AI Mythbusters #2: (Still) debunking the biggest AI misconceptions in advertising
In last month’s blog, we dove into three emerging misconceptions for AI in advertising, mostly centered around uncertainty for the future—robots taking jobs, data replacing strategy, and the risk of placing too much trust in AI’s opinions.
This time, we’re focusing on the hype surrounding AI’s promised capabilities. With every new AI demo and headline, our industry is flooded with lofty promises of instant transformation and seamless optimization. But beneath the buzz, there are still a few myths worth untangling.
In this second installment of our AI Mythbusters series, we’re diving into three new misconceptions —and why understanding the truth behind them is critical for marketers who want to stay ahead.

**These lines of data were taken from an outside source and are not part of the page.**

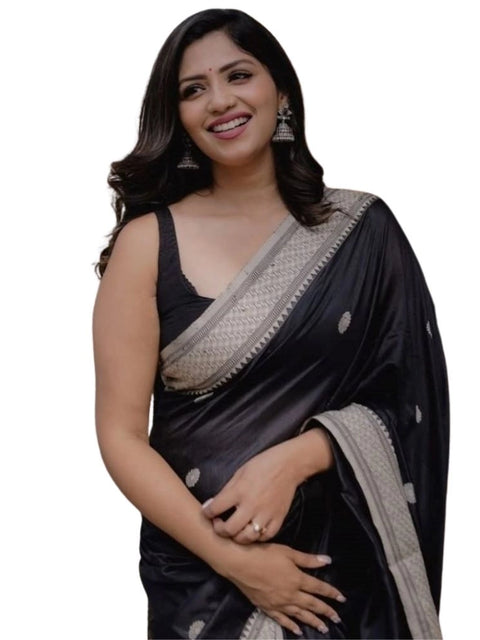Women's Silk Printed Saree With Unstitched Blouse 5.5Mtr (Black)
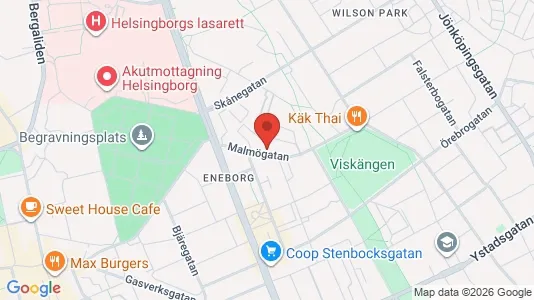Bostadsrätter till salu i Helsingborg - kort over placeringen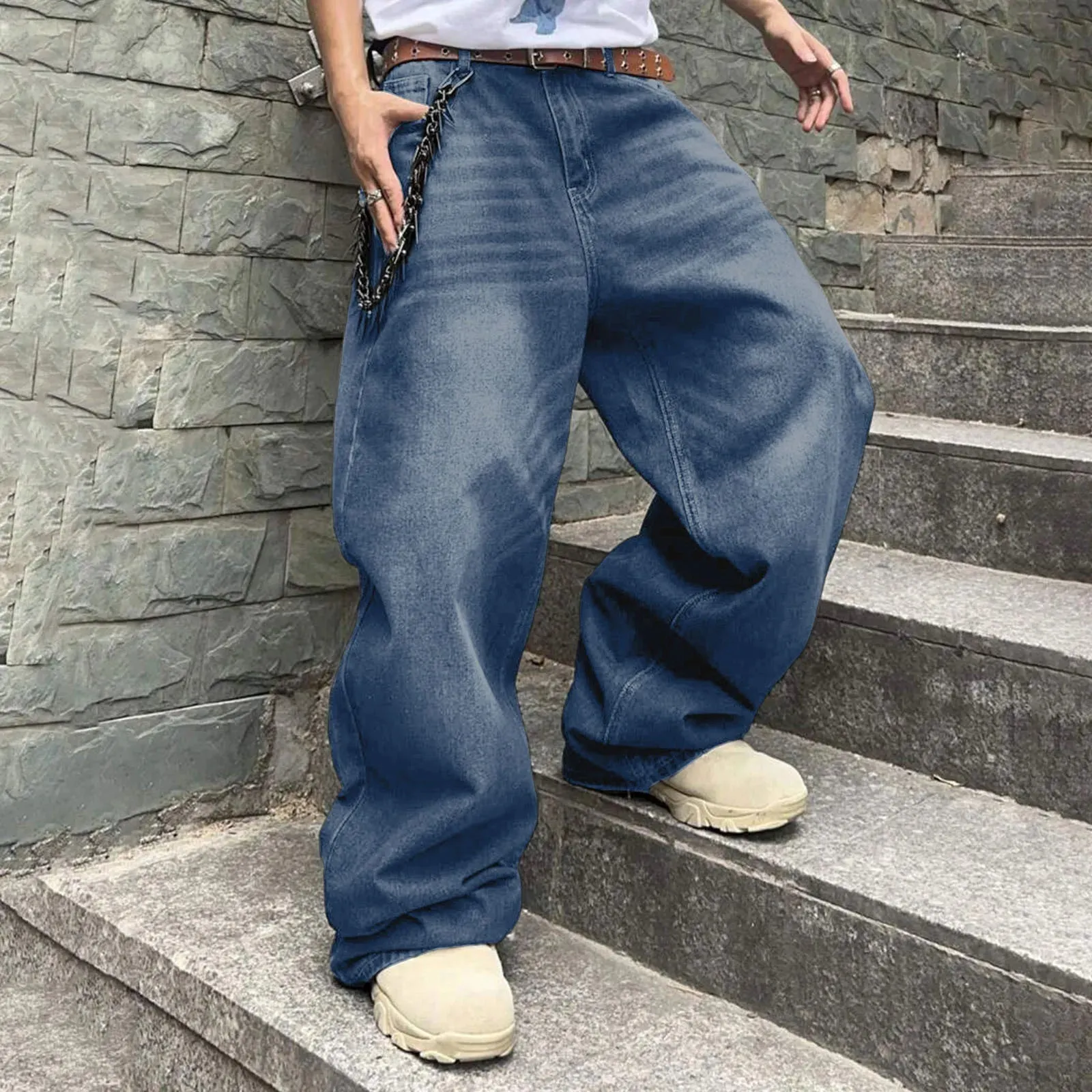 Vintage Jeans For Men Wide Leg Sweatpants Men's Baggy Jeans Retro Trousers Korean Fashion Loose Fit Denim Pants Streetwear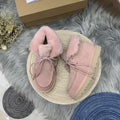 3090 Fluffy Lace-Up Ankle Boots – Pink (In Stock)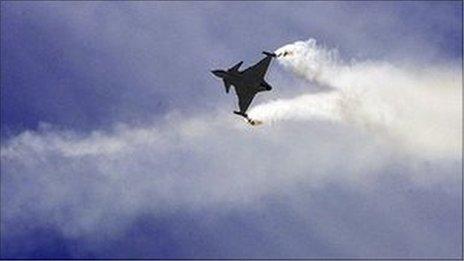 Saab Gripen takes to the air at the Farnborough Air Show, July 17th 2006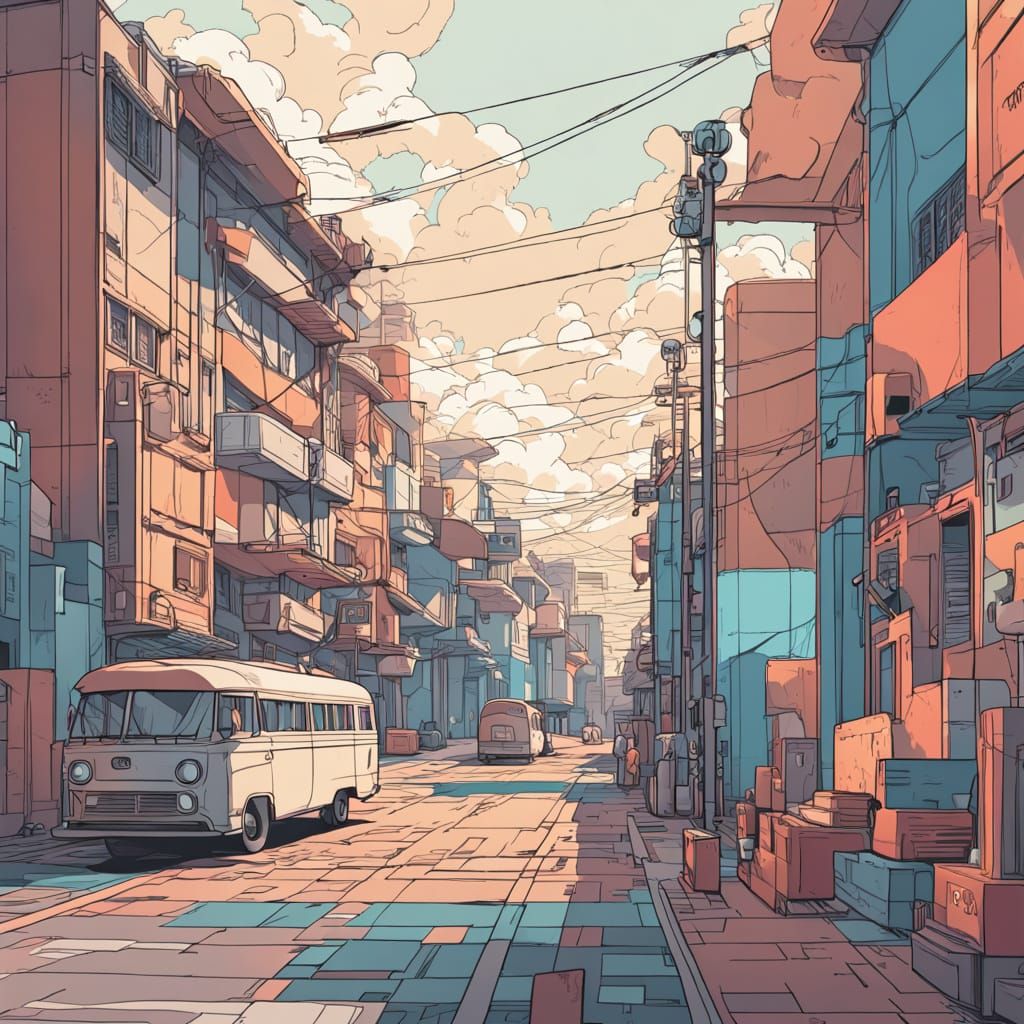 Square Cubist Masterpiece in Clip Studio Paint Style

Myth #4: AI will create a single automated solution to rule them all
With the constant innovation surrounding AI, it’s easy to imagine one sleek platform that can handle everything in advertising, from creative to targeting to measurement, making the current fragmented ad tech ecosystem obsolete and unnecessary. But that’s not how the industry works, and not how AI scales.
The reality is AI won’t replace the pipes, but it will run through them. Successful AI advertising tools still depend on integrations with the foundational players—ad servers, DSPs, measurement platforms, data providers, and creative management systems—to operate. AI might make these workflows smarter and faster, but it can’t rebuild decades of infrastructure overnight.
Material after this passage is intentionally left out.